Most people in US support cease-fire in Gaza — as Biden remains opposed, poll finds
Most Americans support a cease-fire in the Gaza Strip — while President Joe Biden remains opposed, according to new polling.
More than two-thirds of U.S. adults, 68%, said Israel should request a cease-fire and open diplomatic channels, according to a Reuters/Ipsos poll released on Nov. 15.
The poll questioned 1,006 American adults online during the second week of November and has a margin of error of around 4 percentage points.
The poll comes as Israel enters its second month of war against Hamas, the Islamic group that governs the Gaza Strip and whose militants killed 1,200 Israelis in an Oct 7 attack, Israeli officials said.
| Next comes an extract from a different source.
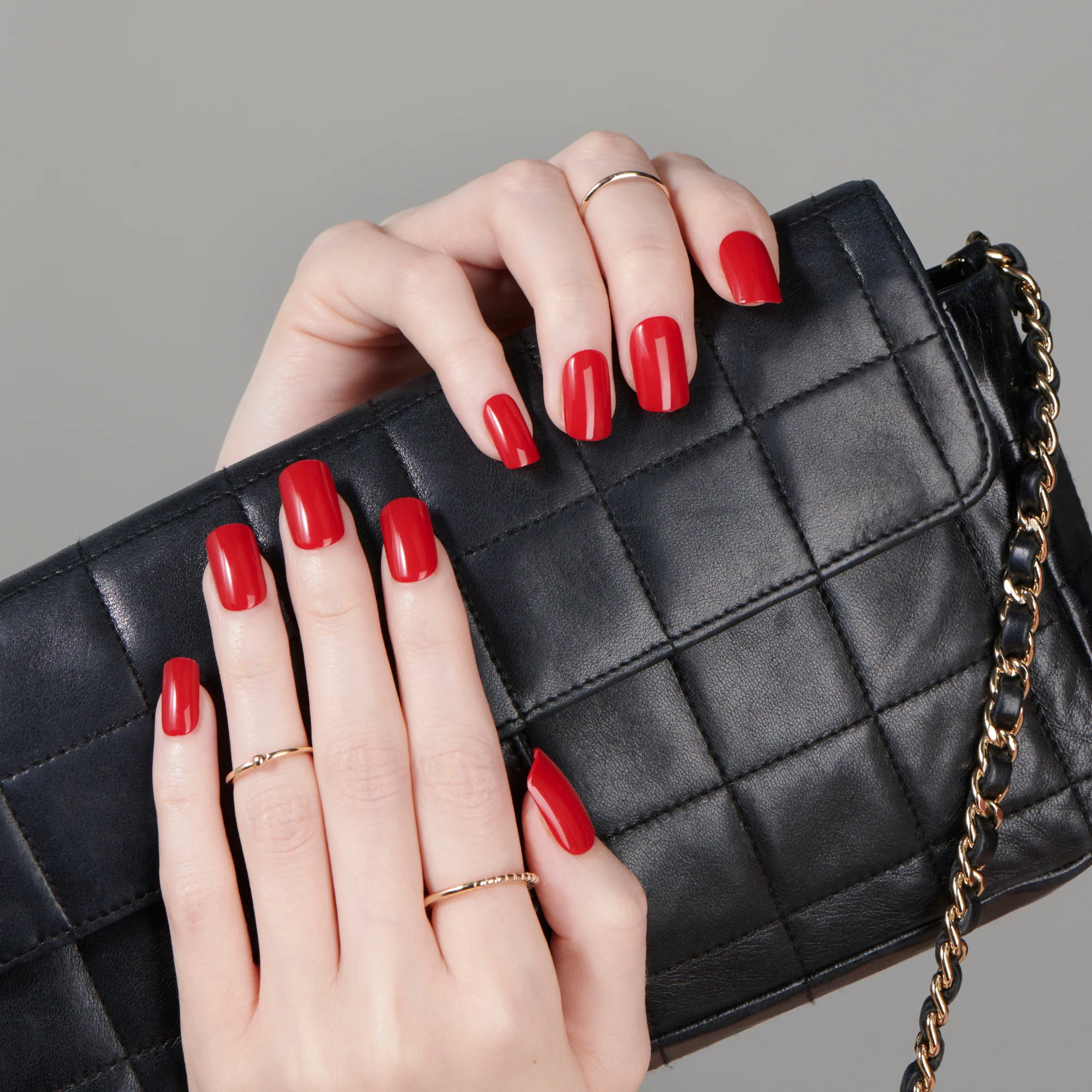 Scarlet Red - Medium Squoval Nail On Press On Manicure - Image 3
Israel’s airstrikes and ground assault have killed over 11,000 Palestinians in the small seaside territory, which has become a “graveyard for children,” according to Palestinian health officials and the United Nations. Multiple human rights organizations — including Human Rights Watch and Amnesty International — have said Israel’s actions should be investigated as war crimes.
As the death toll mounts, American public support for Israel has waned, according to the poll.
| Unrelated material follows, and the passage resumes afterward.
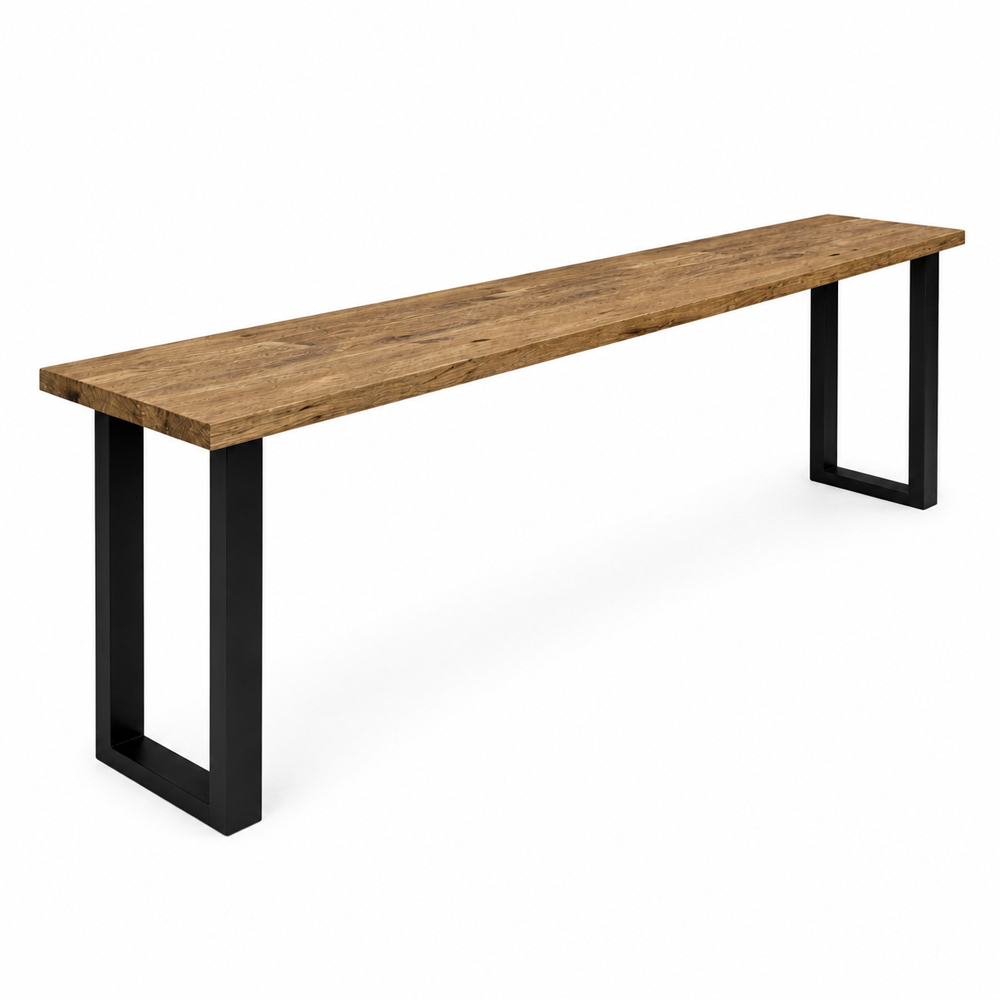 Homebase Staved Oak Onyx Brown Breakfast Bar Table 140cm Image 2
About one-third, 32%, of respondents said America should continue backing Israel, which is down from 41% who said the same one month ago.
Meanwhile, the number of people who favor the U.S. acting as a neutral arbiter in the region has risen from 27% to 39%, according to the poll.
Less than one-third, 31%, of respondents supported arming Israel, while 43% said they opposed sending weapons.
The poll reveals U.S. public opinion is increasingly at odds with the position of government officials, who continue to greenlight weapons shipments to Israel and have dismissed calls for a cease-fire.
Secretary of State Antony Blinken, in Oct. 31 testimony on Capitol Hill, said that a cease-fire would “simply consolidate what Hamas has been able to do and allow it to remain where it is and potentially repeat what it did another day.”
Few members of Congress — including only 4% of House members — publicly support a cease-fire, according to data compiled by the Security Policy Reform Institute, a think tank, in October.
When asked about the chances of a cease-fire in Gaza on Nov. 9, Biden said, “None. No possibility.”